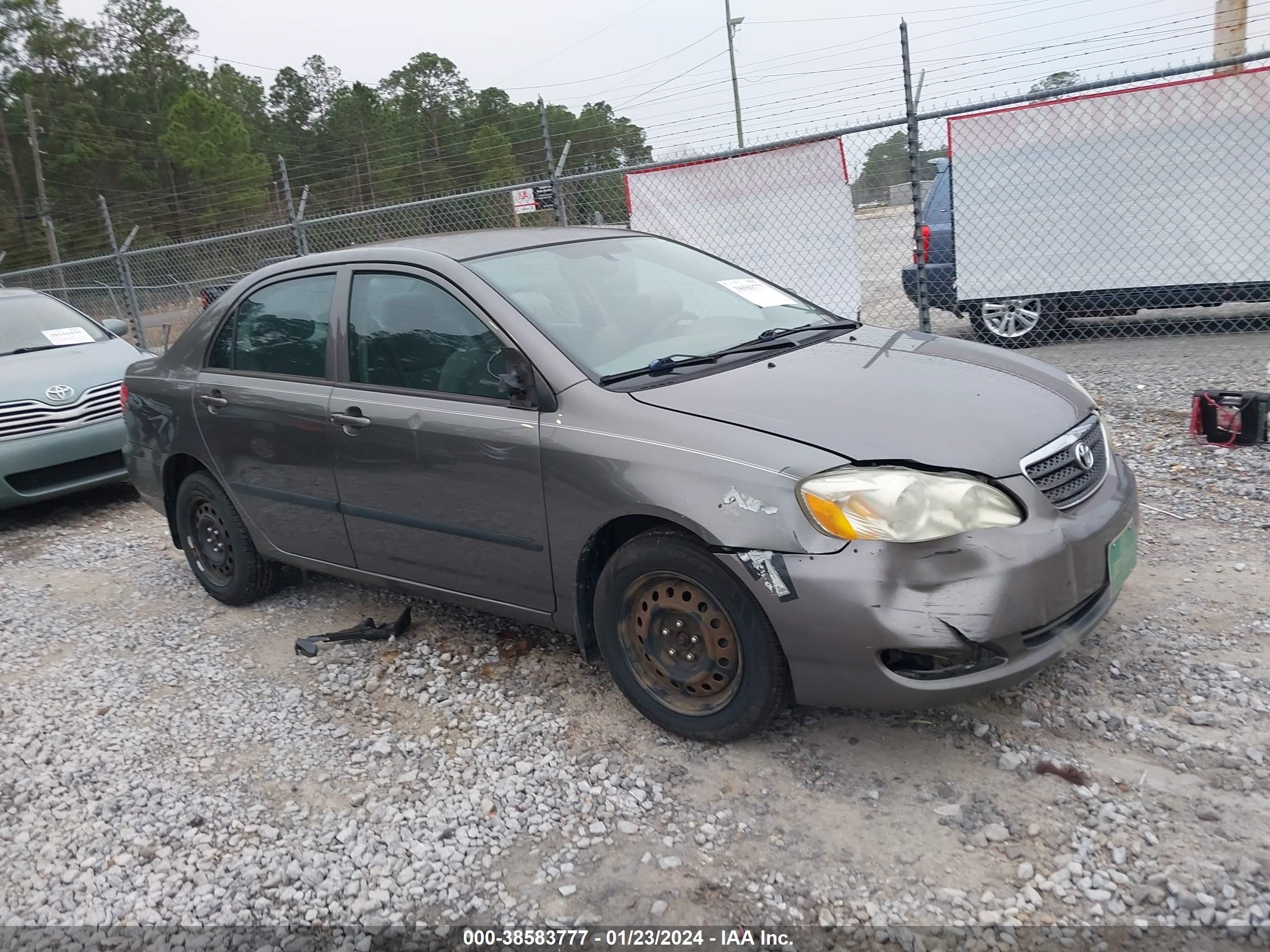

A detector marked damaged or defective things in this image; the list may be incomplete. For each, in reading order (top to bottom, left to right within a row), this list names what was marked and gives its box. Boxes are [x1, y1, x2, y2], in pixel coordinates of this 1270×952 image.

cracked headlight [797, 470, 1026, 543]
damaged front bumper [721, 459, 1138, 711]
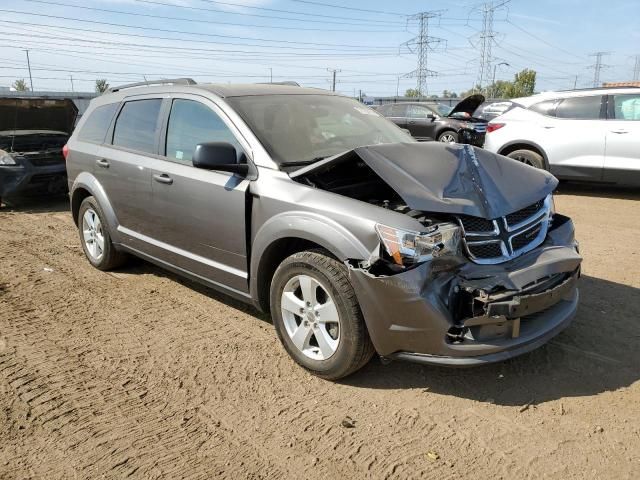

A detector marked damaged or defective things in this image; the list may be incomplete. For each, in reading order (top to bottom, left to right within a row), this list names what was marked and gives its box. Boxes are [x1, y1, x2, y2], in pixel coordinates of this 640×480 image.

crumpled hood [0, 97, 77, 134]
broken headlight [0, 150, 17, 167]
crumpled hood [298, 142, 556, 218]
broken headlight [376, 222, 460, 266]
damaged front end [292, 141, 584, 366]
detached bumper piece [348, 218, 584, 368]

■ Assigned task
All of the data needs repeating exactly, but the pictures do not.

■ Solution for this problem
A detector marked damaged or defective things in this image; the list may be incomplete. For each, in reading order (top to bottom, left to right within a row), this list names what was marked and gives its box. Boxes are [x1, y1, x2, y2], in pixel coordinates of this 1270×952 image.

cracked headlight [797, 470, 1026, 543]
damaged front bumper [721, 459, 1138, 711]

A detector marked damaged or defective things in this image; the list may be incomplete. For each, in reading order (top to bottom, left to right within a row), this list names what was marked and gives its box. Boxes are [x1, y1, x2, y2], in pixel coordinates of this 640×480 image.

crumpled hood [0, 97, 77, 134]
broken headlight [0, 150, 17, 167]
crumpled hood [298, 142, 556, 218]
broken headlight [376, 222, 460, 266]
damaged front end [292, 141, 584, 366]
detached bumper piece [348, 218, 584, 368]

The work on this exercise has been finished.